Oak Cliff supporter touts area - Beauty, not gunfire, dominates, he says
The Dallas Morning News - Tuesday, January 3, 1995
Author: Colleen McCain, Staff Writer of The Dallas Morning News
But Mr. Shields, 41, hopes he can help people better understand and appreciate Oak Cliff.
"A lot of people don't realize that there are distinctly
different areas of Oak Cliff," Mr. Shields said. "And a lot of people think that we're surrounded by gunfire in Oak Cliff. I want to educate people and show them the beauty of the neighborhood."
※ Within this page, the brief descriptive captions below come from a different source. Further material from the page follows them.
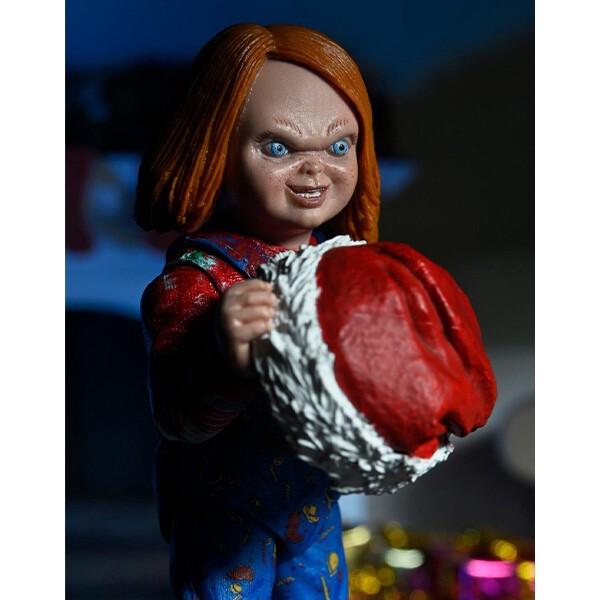 NECA（ネカ） チャッキー フィギュア 7インチ アクションフィギュア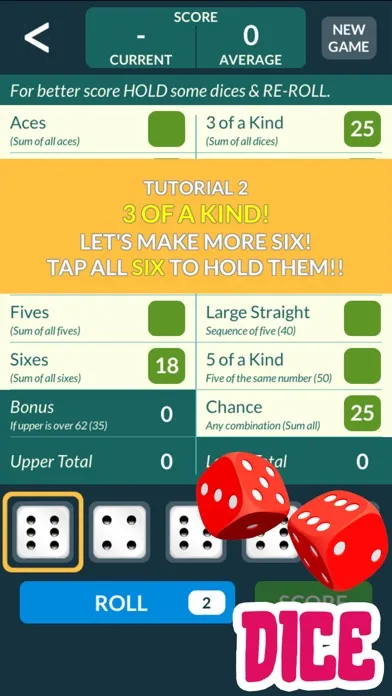 تصاویر Dice. PRO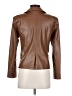 Evereve 100% Polyester Brown Blazer Size XS - photo 2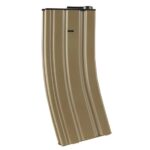 Lancer Tactical M4 MidCap Magazijn TAN 3 Lancer Tactical M4 MidCap Magazine TAN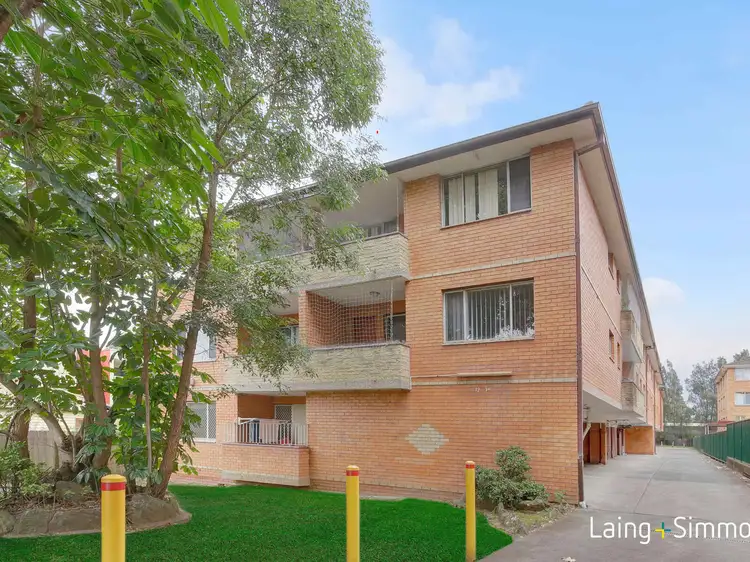 6/12-14 Wigram Street, Harris Park NSW 2150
The conservation league, which is an umbrella organization for neighborhood associations in North Oak Cliff, helps areas attain historic district status. The league also offers a tour of historic homes in north Oak Cliff each spring.
Mr. Shields, who took office Sunday, said he plans to continue the league's past activities, but he also would like to expand its role in the community.
"One of my goals is to improve Oak Cliff's public relations," he said. "We're working on a brochure about Oak Cliff in an effort to increase awareness, and I also hope that we can increase
participation in the league."
Al Fox, past league president, said Mr. Shields' motivational skills will be the key to increased participation.
"Terry is a person who can motivate others to get involved and get things done," Mr. Fox said. "Since this is a group of volunteers, convincing people to donate their time is essential."
Mr. Shields is the director of banquets and catering for the Dallas Market Center at the Infomart. He said he first became involved in the conservation league five years ago when he was elected president of the Winnetka Heights neighborhood association.
"I've come to realize that the conservation league has a voice for north Oak Cliff," Mr. Shields said. "In the next year, I want to use that voice to show people the beauty and history of our area."